RBI Governor Shaktikanta Das further said in the MPC meeting that liquidity situations in the last two months didn’t necessitate open market sale of bonds.

In the week ahead, the market expects the bond spread between the 10-year government bond and state development loans (SDL) to increase. Besides, banks are also preparing for the AT1 bond issue.

Citing robust economy, RBI raised its fiscal-year growth forecast from 6.5 per cent to 7 per cent. The central bank  indicated continuing tight monetary policy while it keeps a watch over inflation risks.

The government will issue a tranche of sovereign gold bonds (SGBs) this month, and one more in February 2024.

The date for subscription for 2023-24 Series III SGBs is December 18-22, 2023, while Series IV is scheduled for February 12-16, 2024, the Ministry of Finance said in a statement on December 8, 2023.

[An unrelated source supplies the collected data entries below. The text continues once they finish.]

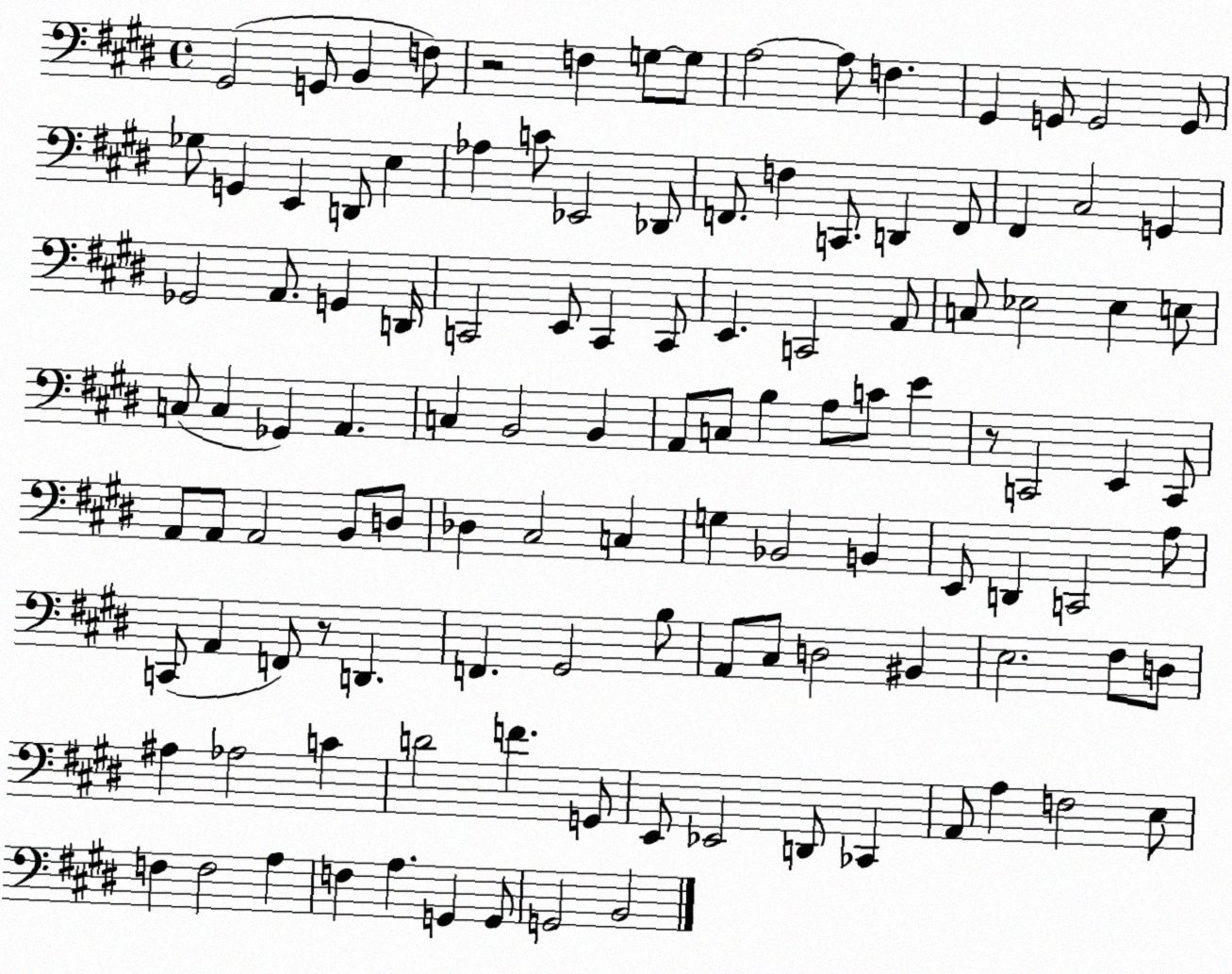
X:1
T:Untitled
M:4/4
L:1/4
K:E
^G,,2 G,,/2 B,, F,/2 z2 F, G,/2 G,/2 A,2 A,/2 F, ^G,, G,,/2 G,,2 G,,/2 _G,/2 G,, E,, D,,/2 E, _A, C/2 _E,,2 _D,,/2 F,,/2 F, C,,/2 D,, F,,/2 ^F,, ^C,2 G,, _G,,2 A,,/2 G,, D,,/4 C,,2 E,,/2 C,, C,,/2 E,, C,,2 A,,/2 C,/2 _E,2 _E, E,/2 C,/2 C, _G,, A,, C, B,,2 B,, A,,/2 C,/2 B, A,/2 C/2 E z/2 C,,2 E,, C,,/2 A,,/2 A,,/2 A,,2 B,,/2 D,/2 _D, ^C,2 C, G, _B,,2 B,, E,,/2 D,, C,,2 A,/2 C,,/2 A,, F,,/2 z/2 D,, F,, ^G,,2 B,/2 A,,/2 ^C,/2 D,2 ^B,, E,2 ^F,/2 D,/2 ^A, _A,2 C D2 F G,,/2 E,,/2 _E,,2 D,,/2 _C,, A,,/2 A, F,2 E,/2 F, F,2 A, F, A, G,, G,,/2 G,,2 B,,2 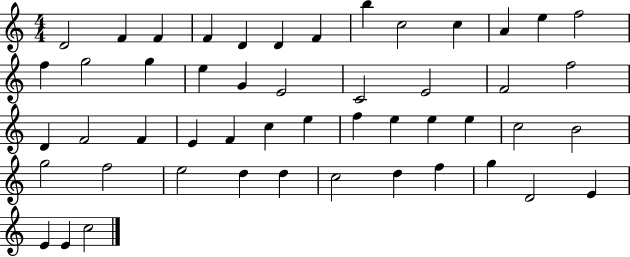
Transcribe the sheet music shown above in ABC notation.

X:1
T:Untitled
M:4/4
L:1/4
K:C
D2 F F F D D F b c2 c A e f2 f g2 g e G E2 C2 E2 F2 f2 D F2 F E F c e f e e e c2 B2 g2 f2 e2 d d c2 d f g D2 E E E c2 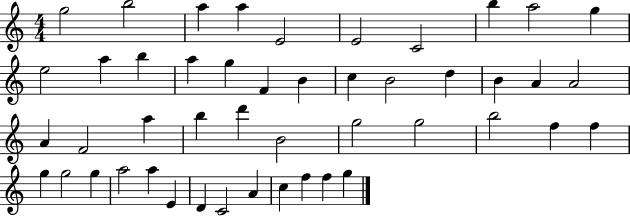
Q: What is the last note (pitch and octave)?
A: G5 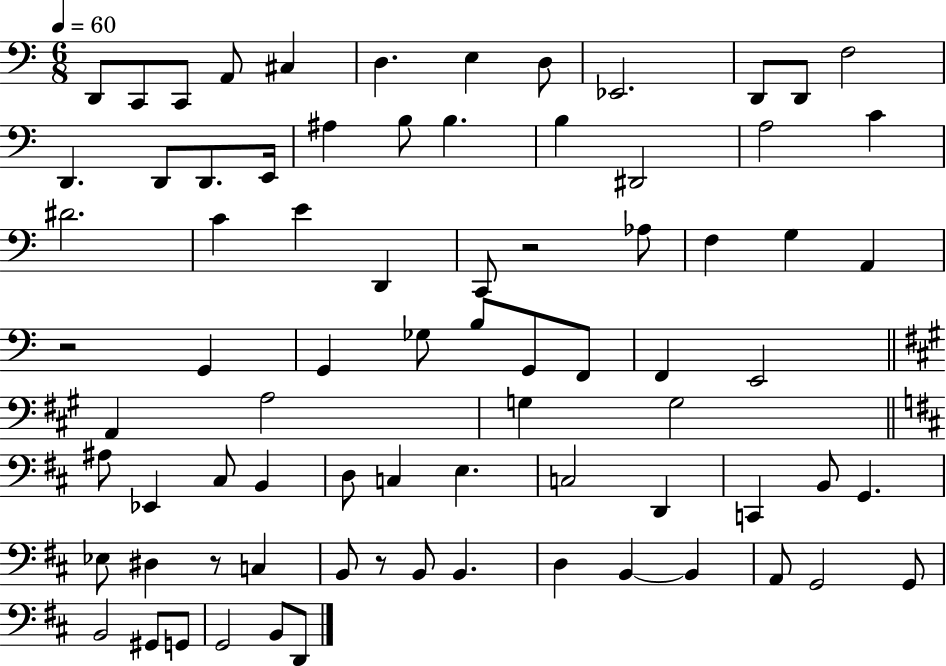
X:1
T:Untitled
M:6/8
L:1/4
K:C
D,,/2 C,,/2 C,,/2 A,,/2 ^C, D, E, D,/2 _E,,2 D,,/2 D,,/2 F,2 D,, D,,/2 D,,/2 E,,/4 ^A, B,/2 B, B, ^D,,2 A,2 C ^D2 C E D,, C,,/2 z2 _A,/2 F, G, A,, z2 G,, G,, _G,/2 B,/2 G,,/2 F,,/2 F,, E,,2 A,, A,2 G, G,2 ^A,/2 _E,, ^C,/2 B,, D,/2 C, E, C,2 D,, C,, B,,/2 G,, _E,/2 ^D, z/2 C, B,,/2 z/2 B,,/2 B,, D, B,, B,, A,,/2 G,,2 G,,/2 B,,2 ^G,,/2 G,,/2 G,,2 B,,/2 D,,/2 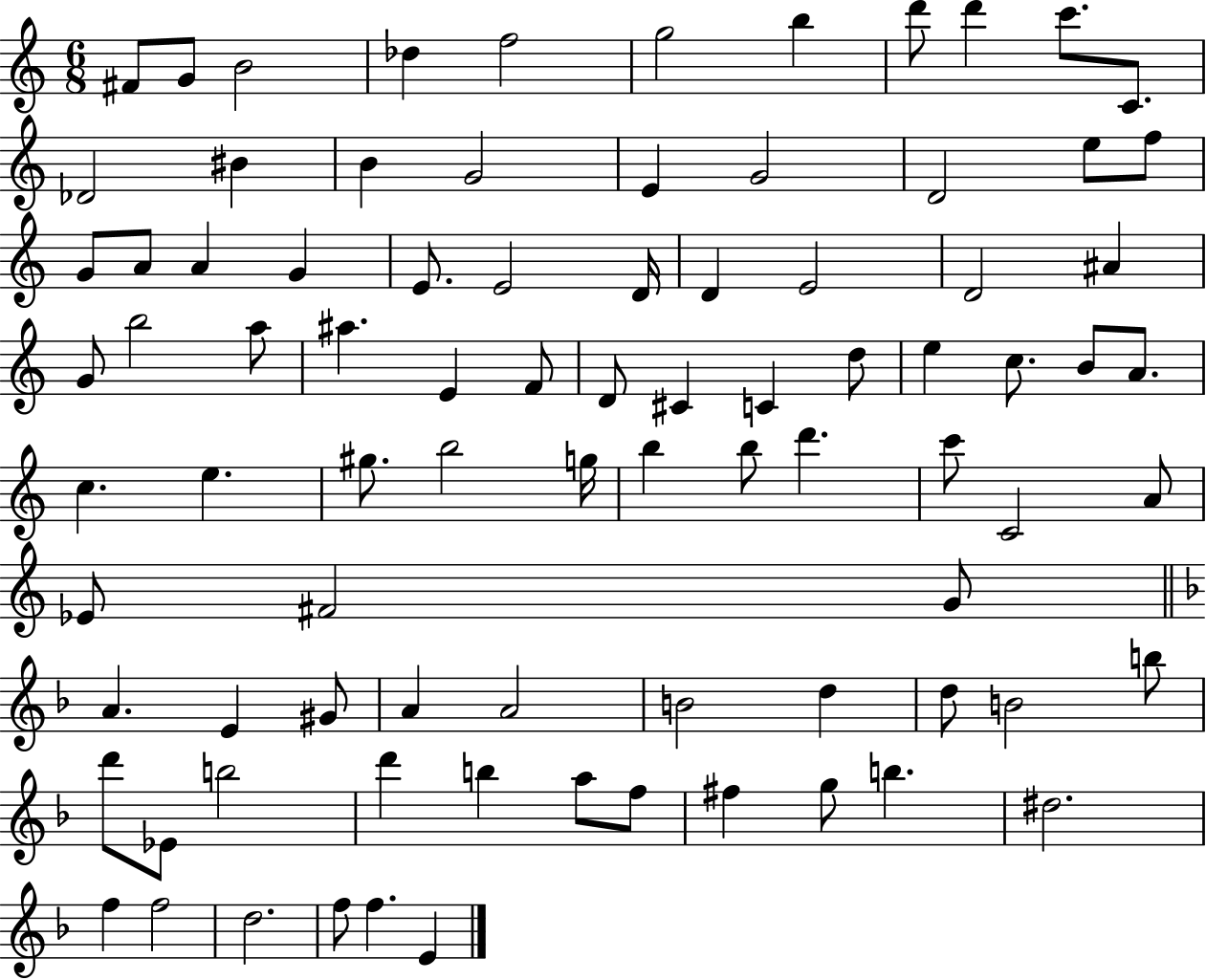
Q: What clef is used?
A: treble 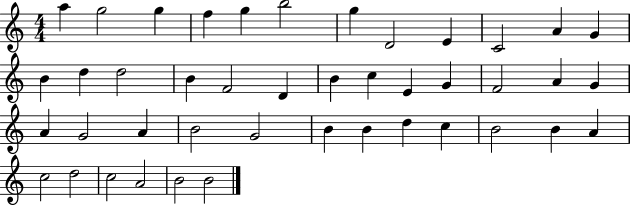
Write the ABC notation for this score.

X:1
T:Untitled
M:4/4
L:1/4
K:C
a g2 g f g b2 g D2 E C2 A G B d d2 B F2 D B c E G F2 A G A G2 A B2 G2 B B d c B2 B A c2 d2 c2 A2 B2 B2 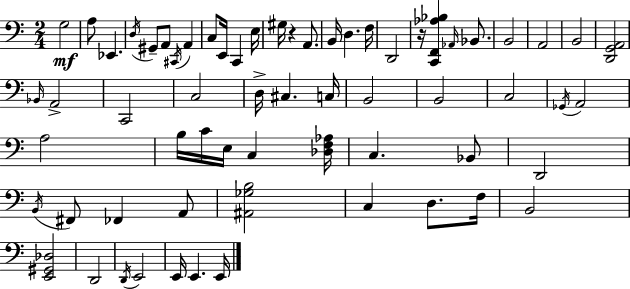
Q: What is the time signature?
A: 2/4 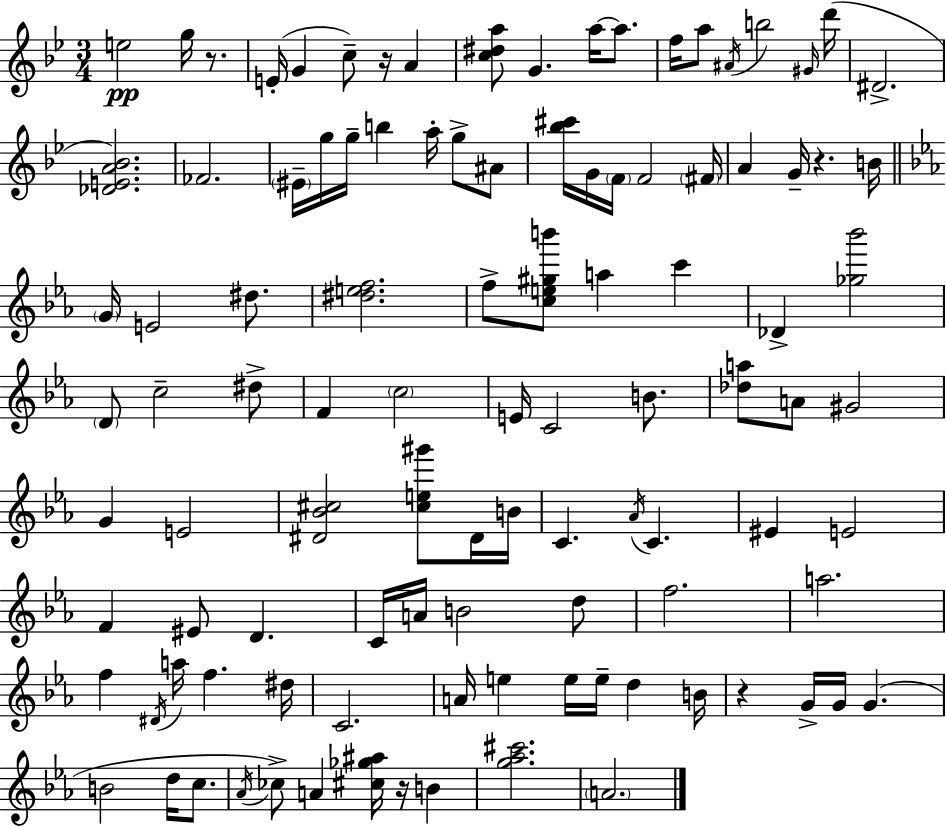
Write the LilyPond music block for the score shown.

{
  \clef treble
  \numericTimeSignature
  \time 3/4
  \key bes \major
  e''2\pp g''16 r8. | e'16-.( g'4 c''8--) r16 a'4 | <c'' dis'' a''>8 g'4. a''16~~ a''8. | f''16 a''8 \acciaccatura { ais'16 } b''2 | \break \grace { gis'16 }( d'''16 dis'2.-> | <des' e' a' bes'>2.) | fes'2. | \parenthesize eis'16-- g''16 g''16-- b''4 a''16-. g''8-> | \break ais'8 <bes'' cis'''>16 g'16 \parenthesize f'16 f'2 | \parenthesize fis'16 a'4 g'16-- r4. | b'16 \bar "||" \break \key ees \major \parenthesize g'16 e'2 dis''8. | <dis'' e'' f''>2. | f''8-> <c'' e'' gis'' b'''>8 a''4 c'''4 | des'4-> <ges'' bes'''>2 | \break \parenthesize d'8 c''2-- dis''8-> | f'4 \parenthesize c''2 | e'16 c'2 b'8. | <des'' a''>8 a'8 gis'2 | \break g'4 e'2 | <dis' bes' cis''>2 <cis'' e'' gis'''>8 dis'16 b'16 | c'4. \acciaccatura { aes'16 } c'4. | eis'4 e'2 | \break f'4 eis'8 d'4. | c'16 a'16 b'2 d''8 | f''2. | a''2. | \break f''4 \acciaccatura { dis'16 } a''16 f''4. | dis''16 c'2. | a'16 e''4 e''16 e''16-- d''4 | b'16 r4 g'16-> g'16 g'4.( | \break b'2 d''16 c''8. | \acciaccatura { aes'16 } ces''8->) a'4 <cis'' ges'' ais''>16 r16 b'4 | <g'' aes'' cis'''>2. | \parenthesize a'2. | \break \bar "|."
} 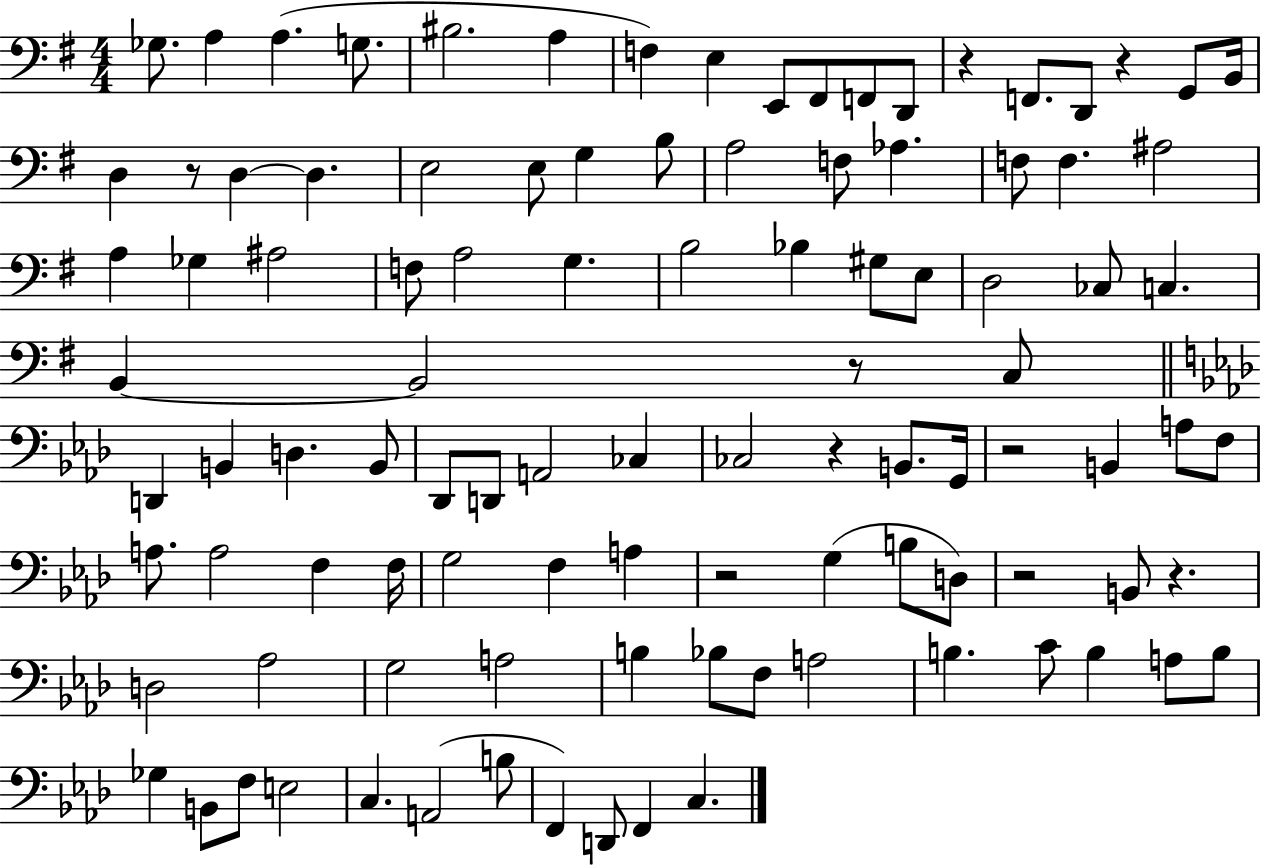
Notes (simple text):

Gb3/e. A3/q A3/q. G3/e. BIS3/h. A3/q F3/q E3/q E2/e F#2/e F2/e D2/e R/q F2/e. D2/e R/q G2/e B2/s D3/q R/e D3/q D3/q. E3/h E3/e G3/q B3/e A3/h F3/e Ab3/q. F3/e F3/q. A#3/h A3/q Gb3/q A#3/h F3/e A3/h G3/q. B3/h Bb3/q G#3/e E3/e D3/h CES3/e C3/q. B2/q B2/h R/e C3/e D2/q B2/q D3/q. B2/e Db2/e D2/e A2/h CES3/q CES3/h R/q B2/e. G2/s R/h B2/q A3/e F3/e A3/e. A3/h F3/q F3/s G3/h F3/q A3/q R/h G3/q B3/e D3/e R/h B2/e R/q. D3/h Ab3/h G3/h A3/h B3/q Bb3/e F3/e A3/h B3/q. C4/e B3/q A3/e B3/e Gb3/q B2/e F3/e E3/h C3/q. A2/h B3/e F2/q D2/e F2/q C3/q.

Further, the Centre plans to raise Rs 39,000 crore through sale of bonds, which include Rs 5,000 crore from  new 10-year sovereign green bond.

Meanwhile, eight state governments have offered to sell securities by way of auction, for an aggregate amount of Rs 12,100 crore. The auction will be conducted on the RBI's Core Banking Solution (E-Kuber) system on December 12, 2023.

Treasury Bond Yields

 The indicative yield for T-bills stands at 6.95 per cent, 7.16 per cent, and 7.15 per cent for three-month, six-month, and 364-day durations, respectively. In the 1-2-year tenure, the 7.72% GS 2025 shows a yield of 7.17 per cent.

Moving to longer tenures, both the 7.37% GS 2028 (4 to 5-year tenure) and the 7.18% GS 2033 (9 to 10-year range) show a 7.21 and 7.24 per cent yield, respectively. Except for T-bills, indicative yields for all the above-mentioned instruments showed a dip compared to the previous week.

Bond Market Outlook

Venkata Krishnan Srinivasan, founder of Rockfort Fincap LLP, a financial advisory firm, says that the monetary policy committee has unanimously decided to keep the policy repo rate unchanged at 6.50 per cent. The MPC also decided to remain focused on withdrawal of accommodation to ensure that inflation progressively aligns to the target, while supporting growth.

“The 10-year government bond finally ended the week at 7.27 per cent and it is expected to trade within a narrow range in the coming week. Meanwhile, the government has auctioned a new 10-year sovereign green bond today for Rs. 5,000 crore. The cut-off yield came at 7.24 per cent with a slight premium of around 3 bps. The spread between the 10-year government bond and SDL is expected to widen when SDL supply increases,” he says.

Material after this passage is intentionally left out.